His absence brings pure delight. His presence, misery. He is never there yet, fully there. He knows very little, says very little and does very little. He is the absentee father.
He is absent through your firsts; first crawl, first step, first mumbled words, first tooth, first day at school, First Parent-Teachers’ meeting, first football match or even tease you about your first love. But, it’s amazing how readily available he was to mete out your first bruise.
You’re bruised and can’t find relief. He is present enough to inflict sores but, amply absent to make sure you have adequate time to scream, cry, writhe and wriggle in pain… alone.
You can hardly find help whilst under him—he leaves you thirsty and cuts off all sources of water; help. That is the thing with an Absentee father!
Being 13, with no man to call Daddy is hell. He’s also absent on ‘Bring your dad to school’ days, on birthdays, to tie your shoelaces, knot your ties, help you study, for Father & child sack race, for spelling bee, for math competitions, on graduation ceremonies, to watch TV shows together, have the man-man talk or eat dinner like normal families. Never.
So, you try to give more love. You make him bracelets, buy him handmade cards, try to make a framed painting of him but he destroys them all. He’d rather have you study math than draw and paint.
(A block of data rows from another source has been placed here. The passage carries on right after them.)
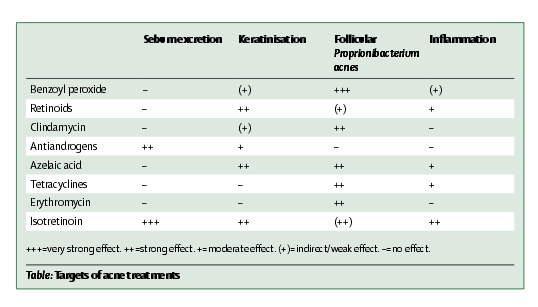 Kom ihåg: adapalen (=retinoid) + bensoylperoxid (Epiduo gel) är 1:a linjens topikala medel.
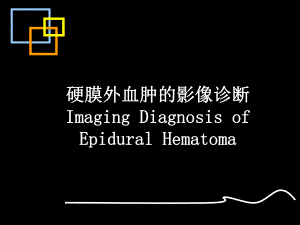 硬膜外血肿的CT诊断ppt.ppt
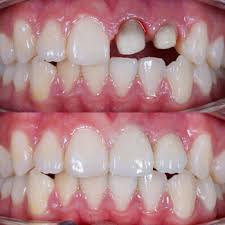 Before and after image showing the restoration of a missing tooth with a dental crown
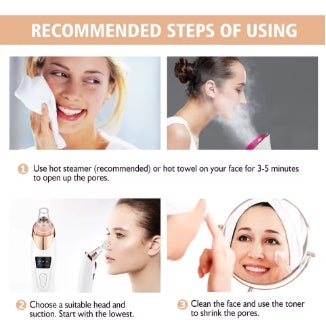 Electric Blackhead Remover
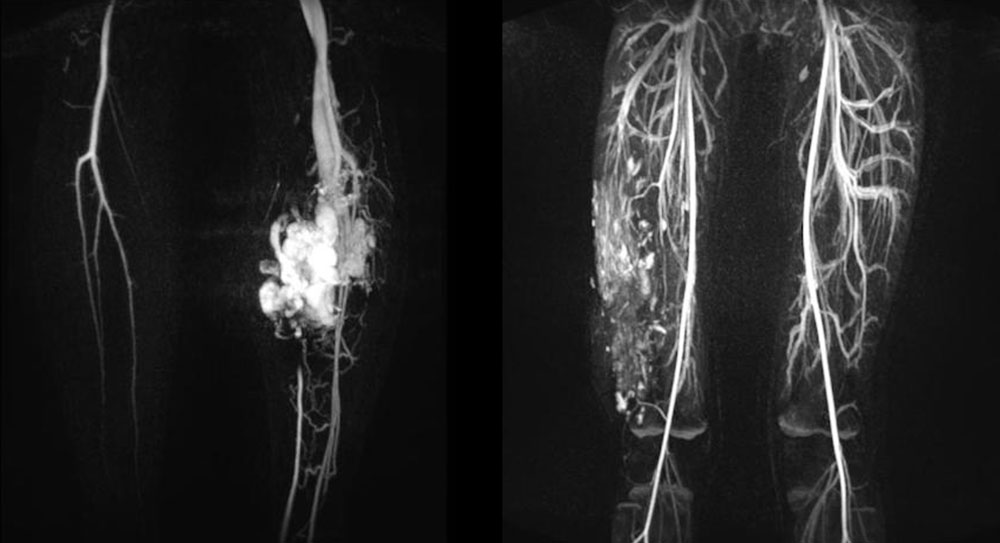 MR-Angiographien des Unterschenkels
Now, you’re in search of love, validation, acceptance, anything that would make you feel noticed. You just want this feeling of hurt to go but it’s deeper. High school students have no chill. They acknowledge your brilliance but are also determined to ruin all that’s left of your esteem. Sad thing is, you allow them. The one who should encourage you and to make you better did not even cast a single glance at your schoolwork. Parents make prayers that their wards take after you but you mumble incoherent words under your breath. The one who should say all these, see you for who you are is blind-eyed.
So, every passing day, you pray to whichever god exists, that it be his last day. His last breath, because, better dead than absent. But, it never happened. The Supreme one daily squanders your fervour. Isn’t that why he’s called Father?
At 22, you move out of the house. With your monthly income, you get a flat in Yaba. You want to prove so hard to Daddy that you’re not stupid or careless but independent in its real sense. You think he will feel foolish for not being available. But no one ever told you that it comes with its own baggage.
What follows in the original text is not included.